The first question people ask when they find out that I’m a minister is the name of the church that I preach for and then, without fail, follow up with the query, “How big is your congregation?” It seems as if there is something about the size of the congregation I serve that somehow gives them insight into who I am and probably my abilities as a minister.
When it comes to judging the value of any congregation of the Lord’s church and the competency of its workers, however, size is of limited use. Throughout the New Testament Jesus and His Apostles addressed disciples and churches on all kinds of issues both commending and correcting them but never once did they mention the size of any assembly in a negative or positive light. It’s as if how big they were was not a factor used in judging their appeal to God.
This may be because churches can be pleasing to the Lord and useful in ministry no matter what size they eventually become.
For example, big churches can do big things like take on the support of an entire mission team that will plant churches and more quickly build up the kingdom in a place where Christianity is not well known. Large mega-churches also have weightier reputations in the community and can often influence local leaders in the doing of good that is Christian in nature and spiritually productive for the general public. The list of advantages available to large congregations goes on and on but they are not without their own problems.
Lack of intimacy and the “corporate” feel of overly organized large churches tend to discourage people looking to connect with other Christians or have specific needs best served by the blessings of fellowship and the security of quiet, sincere friendships. Not that these are absent in big churches but they usually take more time to develop.
Small churches, on the other hand, are all about friendliness, close fellowship and a relaxed familiar feel. They don’t usually exercise a lot of public influence but their members are fiercely loyal to one another and they understand how important every single saint is to the body because when even one of the sheep goes missing or is hurt, everyone knows about it and all are affected in some way.
This is not to say that little churches are not productive, but much like the makers of exotic sports cars, each addition to the small church is hand crafted and requires the investment of many members. Unlike big churches who are able to delegate different ministries to various individuals and groups gifted for each type of work, in little churches the progress is usually the result of the entire church’s effort. There are no “specialists” in small churches, only generalists.
In the end, however, both big and little churches will be judged using the same measure. When the Lord comes, He will seek out those who have been faithful, regardless of the size of congregation in which they lived out their Christian lives.

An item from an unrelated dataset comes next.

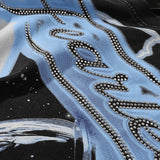 MAJESTIK T Shirts Astronaut Graphic Crop Tee Hot Drill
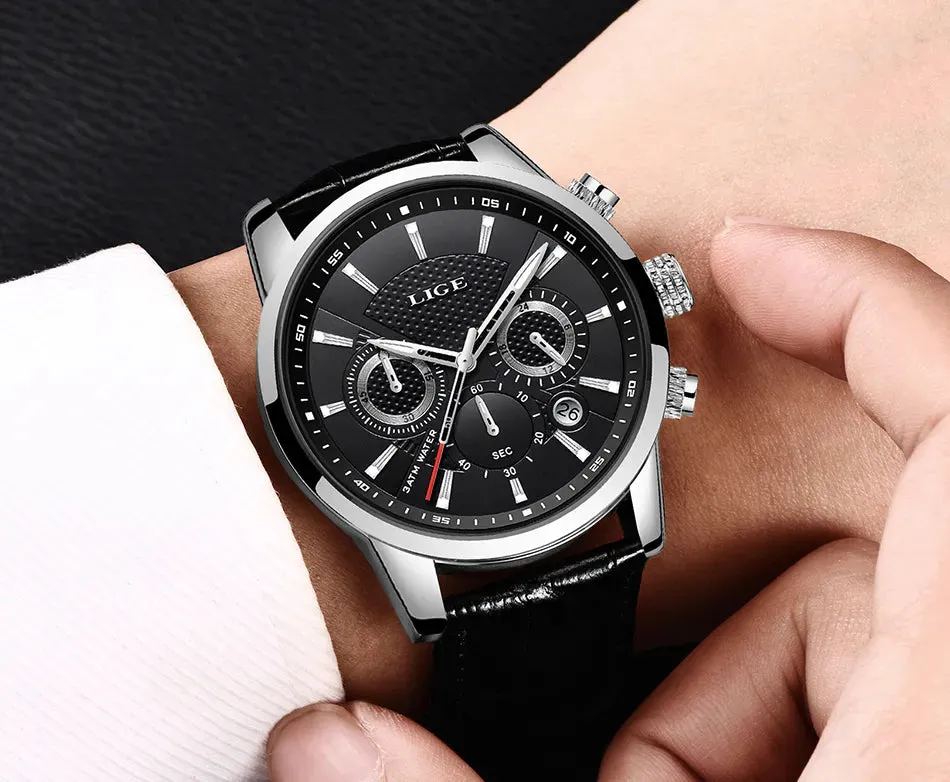 LIGE Luxury Wristwatch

We must not, therefore, be proud or boastful of the size of our assemblies (bigger is better/smaller is more sincere, etc.). In the end, the size of our assemblies depends on the Lord because He is the One who adds (Acts 2:47) and thus deserves the credit and praise for the numbers. Our task is to remain faithful and we will be judged on this because we control faithfulness not numbers. Let us remember, therefore, that when Lord comes the operative word will not be big or little, but faithful.